Study: Streaming becoming default viewing source
September 16, 2021
Since 2015, Hub Entertainment Research’s annual Decoding the Default study has tracked the TV source that consumers turn on first when they’re ready to watch. This year’s study uncovers a number of surprising shifts in viewers’ first stop for TV.
Highlights from the study:
1) More than half of all TV viewers say their TV default is an online streaming service—e.g., a subscription-based streaming service such as Netflix, a free streaming service with ads such as Pluto TV, or a live TV streaming service such as YouTube TV.
Online services are now 16 points more likely than traditional cable, satellite, or telco service to be consumers’ TV default—an advantage that’s twice as large as it was just a year ago.
- 55 per cent say an online service is the first source they turn on, up 5 points from 2020.
- On the other hand, 39 per cent turn first to a traditional pay-TV service set-top (including live viewing, DVR, or Video on Demand), down 3 points from last year.
- Note: The remaining percentages each year default to viewing over-the-air, from an antenna.
2) Netflix has lost momentum as viewers’ default source over the past year.
- Until 2018, Netflix was on track to surpass traditional pay-TV, single-handedly, as viewers’ first stop for TV viewing. But since then, the proportion defaulting to Netflix has levelled off, and it’s actually lost 3 points since 2020.

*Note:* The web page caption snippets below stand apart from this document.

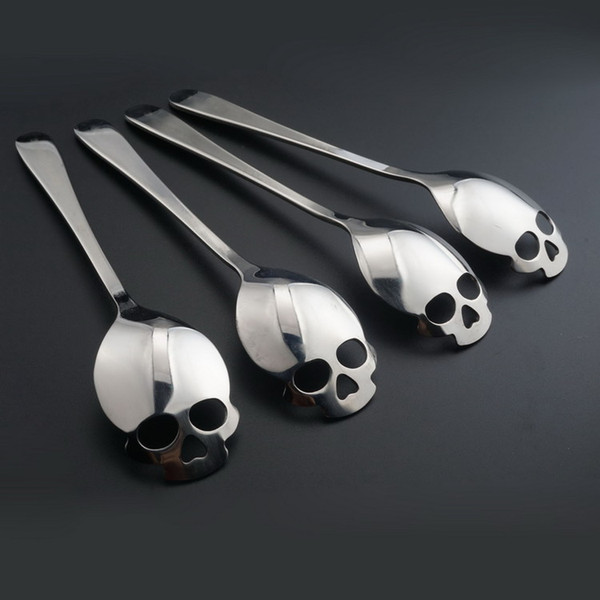 Stainless Steel coffee spoon Skull shape dessert spoon Food grade stainless ice cream candy tea spoon tableware DHL Shipping Free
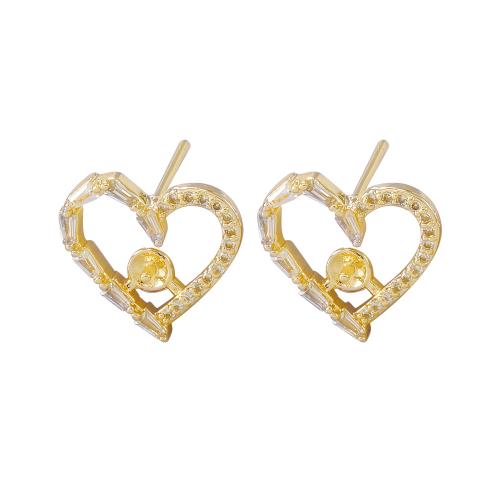 Brass Earring Stud Component, Heart, real gold plated, DIY & micro pave cubic zirconia, Crystal Gold, 13x11mm, Sold By Pair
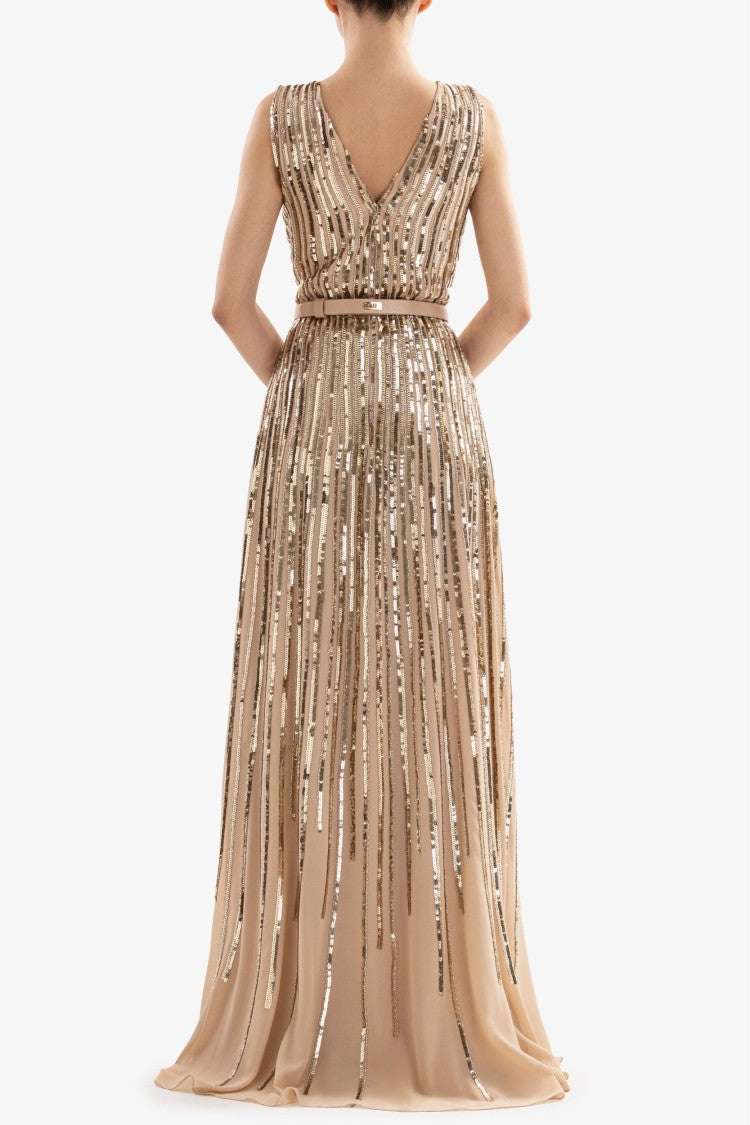 Saiid Kobeisy Sequin Long Dress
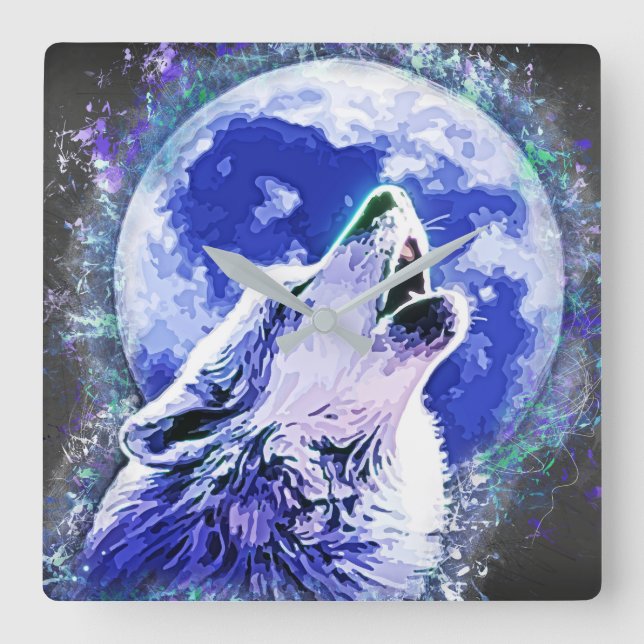 Wildlife Nature Wolf Howling at the Moon Square Wall Clock (Front)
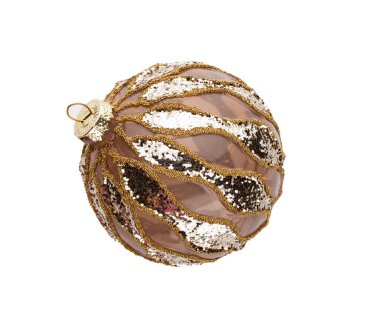 Beyaz arkaplanda izole edilmiş noel topları.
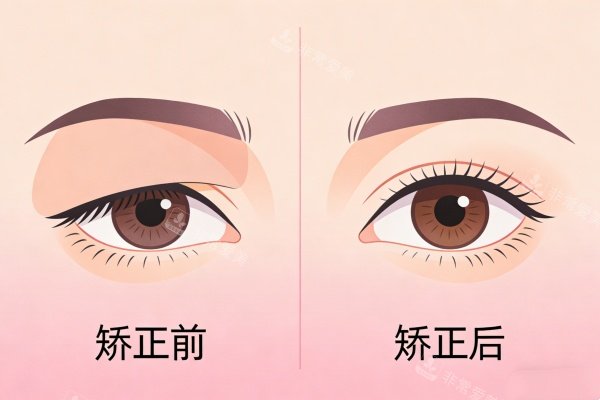 上睑下垂矫正前后对比展示图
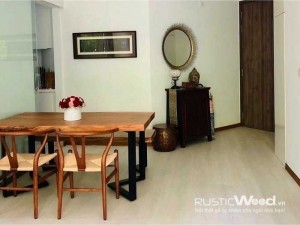 Bàn ăn gỗ me tây nguyên tấm 140×70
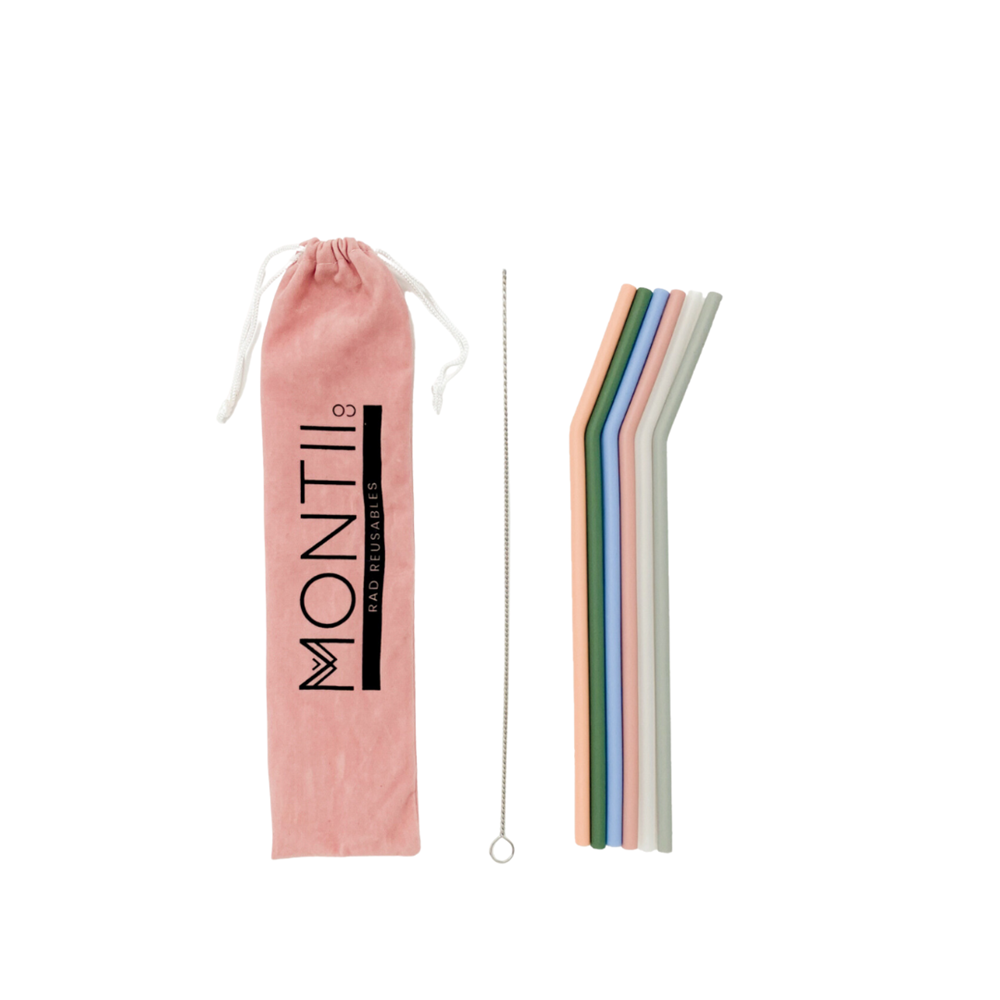 MontiiCo Reusable Silicone Straws (6 Pack) - Dawn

- Although no single other streaming TV service comes close to Netflix as a default for TV, the four other most popular streamers (Hulu, Amazon Prime Video, Disney+, and HBO Max) have collectively gained 4 points in just the past year.
3) The TV default story differs dramatically by age.
- Young consumers are by far the least likely to turn first to live TV channels when they’re ready to watch—and the proportions have continued to drop over time.
- Currently, barely over one in 10 18-34 year olds default to live channels.
- But notably, the proportion defaulting to live TV is lower than it was in 2019 in every age group.
- Netflix’s overall drop as a default source since last year is especially pronounced among younger viewers. Instead, that group has embraced the other streaming services as their top TV destination.
- 31 per cent of 18-34 year olds make Netflix their TV home base, but that’s down a full 8 points since last year.
- Instead, 24 per cent of young viewers turn first to one of the other top 5 streamers, up an equal 8 points since 2020.
4) Why the TV default is an important measure: those who default to a TV service are much more likely than other users to remain loyal to that service.
- Hub asked consumers to advise which TV service they’d keep if they could only keep one.
- Among all those who use either traditional pay–TV service or one of the top streaming services, anywhere from 35 per cent down to only 8 per cent pick each service as the one they’d keep if they had to cut everything else.
- However, among those who default to these services, the proportion who would keep each if they had to drop others ranges from 60 per cent to 46 per cent: in some cases, nearly 50 points higher than the ‘loyalty’ percentage among users generally.
5) In looking at the TV services viewers choose first, it’s important to keep in mind that TV is not necessarily consumers’ default *entertainment* option. In fact, TV competes with an ever-growing array of other options consumers can choose to satisfy their entertainment needs.
- When Hub asks all consumers for their favourite source of entertainment and leisure overall, watching TV and movies is the single most common response. But fewer than one-in-three choose it as their entertainment default. More than seven in 10 would pick another entertainment option over TV.
- 18-34 year olds are even less likely to turn to TV when they have free time for entertainment (22 per cent). A full one-third of this segment would rather play video games, engage with social media, or watch online videos (33 per cent).
“Like most other phenomena in the new TV landscape, the TV sources that viewers treat as their TV home base seem to be in a state of constant flux. Just when it looked like Netflix was set to become the centre of consumers’ TV universe, other streamers have stepped up their game to change the narrative,” said Peter Fondulas, principal at Hub and co-author of the study.
“What has remained constant, however, is the critical importance of being consumers’ home base for TV in the first place. If and when we reach the point where a critical mass of consumers decides they’ve hit their TV service maximum, the last service to go when viewers begin to scale back is the one service they turn on first.”